The research, “Plasma chitotriosidase activity versus plasma glucosylsphingosine in wide spectrum of Gaucher disease phenotypes – A statistical insight,” was published in the journal Molecular Genetics and Metabolism.

Tracking plasma chitotriosidase activity has been the most widely used way to monitor Gaucher and other lysosomal storage disorders. One reason is that the enzyme’s activity can be up to 1,000 times higher than normal in Gaucher patients.

In particular, experts say keeping watch on chitotriosidase activity is a good way to check the effectiveness of enzyme replacement therapies for Gaucher.
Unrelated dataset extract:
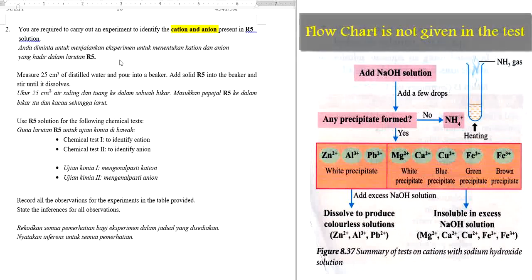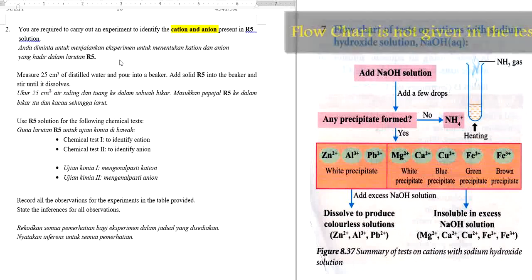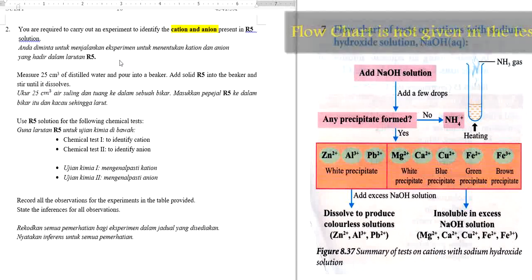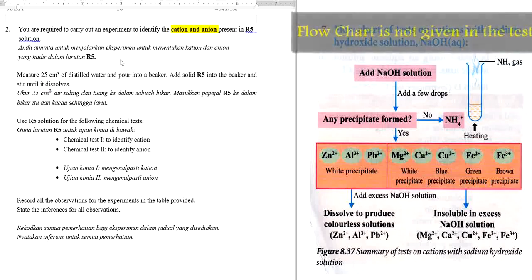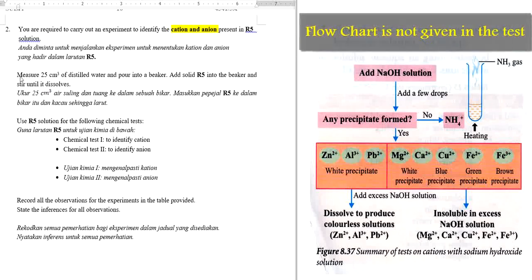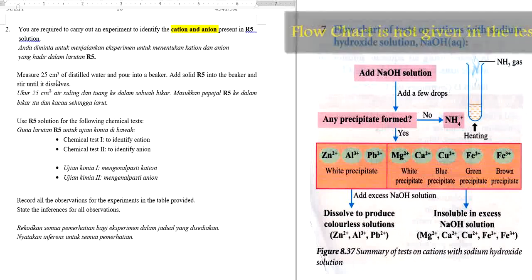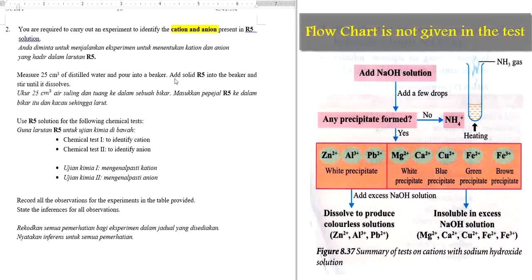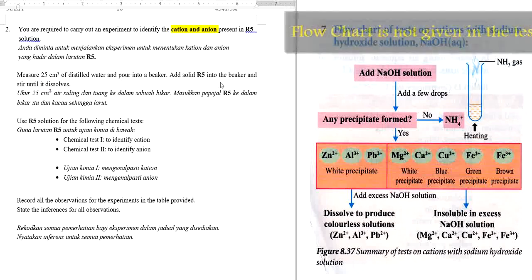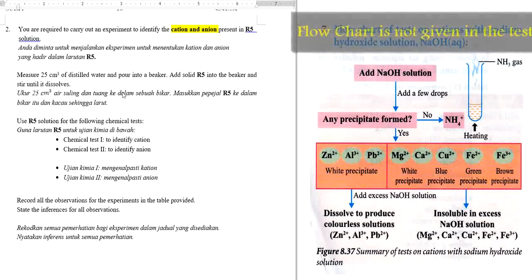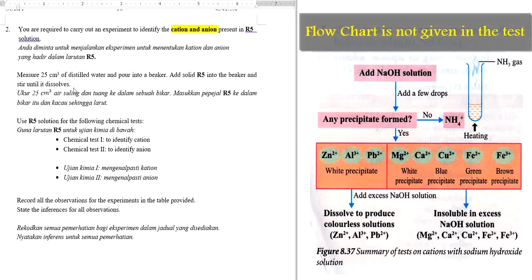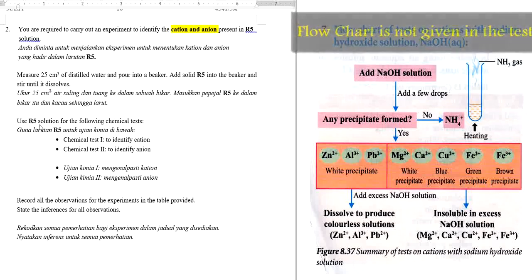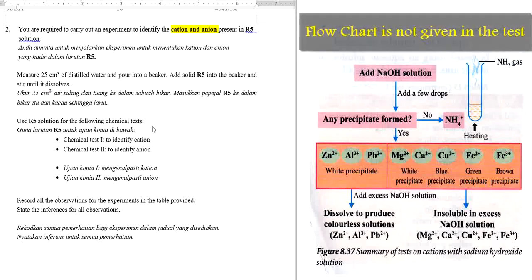R5 will be given as an unknown salt. Normally, the unknown salt will be put into a small packet. The instruction here: measure 25 cm³ of distilled water and pour into a beaker. Then add solid R5 into the beaker and stir until it is dissolved. After that, use the R5 solution for the following chemical tests.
But the biomarker is not applicable to all patients. Many have a mutation in the chitotriosidase gene that eliminates or reduces the enzyme’s activity, complicating disease assessment.

In addition, roughly 6 percent of Caucasian patients have no enzyme activity at all, while a third have reduced activity.

Doctors have used another biomarker, the chemokine CCL18, as an alternative way to track the disease of patients with these mutations.

Recently researchers suggested that blood plasma levels of glucosylsphingosine (GlcSph) could help doctors decide whether to start Gaucher treatments and determine the best doses.

The molecule is a chemically modified version of glucosylceramide, the fat molecule that builds up inside patients’ immune cells.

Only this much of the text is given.